Daniel Ewing | Cuttino Mobley | Corey Maggette | Tim Thomas | Elton Brand

Key Reserves







|







|








Will Conroy | Quinton Ross | Chris Kaman

Bobcats Projected Starters:







|







|







|







|








Earl Watson | Ray Allen | Rashard Lewis | Chris Wilcox | Nick Collison

 Key Reserves







|







|








Luke Ridnour | Mickael Gelabale | Johan Petro


Q's Prediction: Clippers Win 98-94
Q's Prediction Record: 34-23

Q's Game Preview:



After a win at the Staples Center, the Sonics will be looking for revenge at home, while the Clippers will try to get back to .500. Clippers were lead by Maggette and Brand's scoring Wednesday night along with Elton's phenomenal all around game, dropping 7 dimes, a new season high. Cassell has an abdominal strain if I'm not mistaken and may miss the game, which will mean that youngsters Daniel Ewing and Will Conroy will have a lot of pressure on their shoulders respectively. Sonics' Ray Allen couldn't do much against Clippers' Wing Quinton Ross, who has been giving Allen fits. Mike Dunleavy Sr. is 7-1 in his last 8 against Seattle and the Clippers are 8-5 on the second night of back to back games, they were 0-13 on the first, but ended it finally.

Click to expand...




*​


----------



## Weasel (Oct 18, 2003)

Hopefully Cassell is alright from tonight is able to play. I also hope that the Clippers win and get back to .500.


----------



## qross1fan (Dec 28, 2004)

According To Mike Greenfield from TeamRankings.com, the Sonics are expected to be victors by a margin of 1.6 or better. Seattle also has a 57.1% chance to win the game, which is the least of the night as the Sonics are ranked 24th in the Rankings and the Clippers are 17th.
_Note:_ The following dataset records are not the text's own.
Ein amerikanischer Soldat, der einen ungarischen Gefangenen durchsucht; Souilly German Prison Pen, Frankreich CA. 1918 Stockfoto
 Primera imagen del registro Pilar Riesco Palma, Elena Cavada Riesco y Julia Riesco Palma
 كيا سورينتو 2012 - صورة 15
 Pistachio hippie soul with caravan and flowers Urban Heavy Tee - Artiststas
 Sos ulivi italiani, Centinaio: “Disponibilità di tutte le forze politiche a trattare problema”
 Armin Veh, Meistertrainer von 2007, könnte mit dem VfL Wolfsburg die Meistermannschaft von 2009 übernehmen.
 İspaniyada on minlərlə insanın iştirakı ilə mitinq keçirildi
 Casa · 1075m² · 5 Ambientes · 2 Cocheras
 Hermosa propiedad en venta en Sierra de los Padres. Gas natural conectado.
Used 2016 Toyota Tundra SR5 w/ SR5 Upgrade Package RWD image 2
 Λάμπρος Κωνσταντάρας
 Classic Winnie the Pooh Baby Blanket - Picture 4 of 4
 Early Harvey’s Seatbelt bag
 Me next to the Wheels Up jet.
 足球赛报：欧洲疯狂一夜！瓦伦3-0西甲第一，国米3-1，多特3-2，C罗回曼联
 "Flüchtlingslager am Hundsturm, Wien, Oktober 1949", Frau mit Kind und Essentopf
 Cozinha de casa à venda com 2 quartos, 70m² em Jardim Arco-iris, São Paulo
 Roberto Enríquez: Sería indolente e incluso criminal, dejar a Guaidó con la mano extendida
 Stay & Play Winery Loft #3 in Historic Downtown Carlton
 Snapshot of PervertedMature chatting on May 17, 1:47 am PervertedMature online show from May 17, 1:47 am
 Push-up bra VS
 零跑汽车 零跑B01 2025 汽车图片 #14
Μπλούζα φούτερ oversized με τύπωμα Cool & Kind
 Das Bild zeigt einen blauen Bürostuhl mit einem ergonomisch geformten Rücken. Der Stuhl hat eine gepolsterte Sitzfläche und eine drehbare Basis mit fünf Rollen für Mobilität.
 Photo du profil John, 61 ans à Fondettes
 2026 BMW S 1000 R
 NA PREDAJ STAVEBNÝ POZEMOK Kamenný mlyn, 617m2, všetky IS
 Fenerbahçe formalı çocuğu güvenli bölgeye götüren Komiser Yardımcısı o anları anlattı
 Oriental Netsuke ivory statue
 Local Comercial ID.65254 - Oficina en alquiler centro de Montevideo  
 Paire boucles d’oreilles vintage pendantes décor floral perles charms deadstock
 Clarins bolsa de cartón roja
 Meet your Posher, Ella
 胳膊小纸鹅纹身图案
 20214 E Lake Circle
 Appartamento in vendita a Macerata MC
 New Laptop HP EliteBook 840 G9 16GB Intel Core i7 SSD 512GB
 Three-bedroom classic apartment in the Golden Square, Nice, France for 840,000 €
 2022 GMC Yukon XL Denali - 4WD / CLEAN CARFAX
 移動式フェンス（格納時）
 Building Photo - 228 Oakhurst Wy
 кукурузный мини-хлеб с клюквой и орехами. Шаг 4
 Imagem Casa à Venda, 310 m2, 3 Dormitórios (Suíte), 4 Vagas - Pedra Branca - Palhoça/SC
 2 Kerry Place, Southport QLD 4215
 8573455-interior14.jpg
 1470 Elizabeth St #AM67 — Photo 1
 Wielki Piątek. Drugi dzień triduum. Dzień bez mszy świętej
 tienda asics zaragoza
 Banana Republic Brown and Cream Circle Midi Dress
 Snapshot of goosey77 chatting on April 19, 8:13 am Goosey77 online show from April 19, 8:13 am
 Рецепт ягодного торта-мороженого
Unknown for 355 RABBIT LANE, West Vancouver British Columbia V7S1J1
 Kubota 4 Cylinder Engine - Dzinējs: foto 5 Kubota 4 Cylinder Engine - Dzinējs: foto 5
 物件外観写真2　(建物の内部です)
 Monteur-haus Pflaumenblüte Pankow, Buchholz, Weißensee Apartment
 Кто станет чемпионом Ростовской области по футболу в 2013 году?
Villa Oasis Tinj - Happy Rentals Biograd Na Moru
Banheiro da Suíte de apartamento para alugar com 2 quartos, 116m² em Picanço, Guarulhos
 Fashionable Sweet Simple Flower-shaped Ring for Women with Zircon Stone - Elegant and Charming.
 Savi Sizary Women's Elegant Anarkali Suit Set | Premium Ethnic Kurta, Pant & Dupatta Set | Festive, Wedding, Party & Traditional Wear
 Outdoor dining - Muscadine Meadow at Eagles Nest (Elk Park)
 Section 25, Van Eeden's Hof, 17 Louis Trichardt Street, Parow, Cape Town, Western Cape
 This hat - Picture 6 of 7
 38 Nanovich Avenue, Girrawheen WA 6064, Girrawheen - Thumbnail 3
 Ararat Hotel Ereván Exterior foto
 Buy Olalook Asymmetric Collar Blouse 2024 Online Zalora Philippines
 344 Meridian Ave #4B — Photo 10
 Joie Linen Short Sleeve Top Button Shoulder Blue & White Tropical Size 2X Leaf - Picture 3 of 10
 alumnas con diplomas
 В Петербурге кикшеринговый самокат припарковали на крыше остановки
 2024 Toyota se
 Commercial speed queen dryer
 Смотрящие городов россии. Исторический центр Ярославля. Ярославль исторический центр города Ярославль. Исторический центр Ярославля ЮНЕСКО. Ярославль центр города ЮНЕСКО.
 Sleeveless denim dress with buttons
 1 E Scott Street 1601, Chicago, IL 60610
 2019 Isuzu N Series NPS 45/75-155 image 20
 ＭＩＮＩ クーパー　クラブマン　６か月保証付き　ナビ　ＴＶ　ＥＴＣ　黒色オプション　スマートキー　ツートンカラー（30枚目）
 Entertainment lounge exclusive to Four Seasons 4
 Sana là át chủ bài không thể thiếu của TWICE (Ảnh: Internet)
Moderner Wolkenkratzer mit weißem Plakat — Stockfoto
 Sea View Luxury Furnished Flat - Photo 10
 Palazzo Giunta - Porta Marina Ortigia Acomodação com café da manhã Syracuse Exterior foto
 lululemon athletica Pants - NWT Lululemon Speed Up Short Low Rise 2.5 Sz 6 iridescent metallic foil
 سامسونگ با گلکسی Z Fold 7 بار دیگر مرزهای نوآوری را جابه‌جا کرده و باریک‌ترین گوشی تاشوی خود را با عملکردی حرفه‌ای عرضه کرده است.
Let's go Clippers!


----------



## ElMarroAfamado (Nov 1, 2005)

the Clippers suck on the road..ALOT....but the Sonics suck in general so i mean if the Clippers played better than tehy did yesterday at home then i say they can win it, and although we are veeeery thin in the backcourt and pg especially i say rest Sam and give Conroy some time, either backing up Daniel or something, but damn we signed him to a 10-day why not find out if he is going to be able to help us?


----------



## bootstrenf (May 24, 2006)

*for livy!!!*


----------



## ElMarroAfamado (Nov 1, 2005)

bootstrenf said:


> *for livy!!!*


maaan hahah that GIf is so ******** funny :lol:


----------



## ElMarroAfamado (Nov 1, 2005)

wow i barely saw that Daniel Ewing is starting....hmm time to see whaT Conroy is all about ..!!!


----------



## DaFranchise (Jun 29, 2005)

Im anxious to see Conroy play myself andI believe he was leading the NBADL in assists. There is no doubt Conroy will by hyped for this game considering he went to UW.


----------



## Weasel (Oct 18, 2003)

http://seattletimes.nwsource.com/html/sonics/2003596192_webray01.html



> Sonics guard Ray Allen will miss tonight's game against the Los Angeles Clippers because of left ankle inflammation.


----------



## Weasel (Oct 18, 2003)

Cassell isn't starting and it seems like he won't play.


----------



## Weasel (Oct 18, 2003)

Sonics control the tip.

Wilkins misses a jumper.

Mobley hits a nice jumper.

Wilkins misses a runner.

TT misses a 3.


----------



## Weasel (Oct 18, 2003)

Ridnour hits a jumper off of the screen.

Maggette drives but it carely misses.

Lewis hits a tough jumper.

TT misses a bank.

Ridnour scores and gets fouled by Ewing...


----------



## Weasel (Oct 18, 2003)

Ridnour completes the 3 point play.

Brand misses a mid jumper.

Wilkins posts up and scores.

Ewing misses and TT gets the loose ball foul.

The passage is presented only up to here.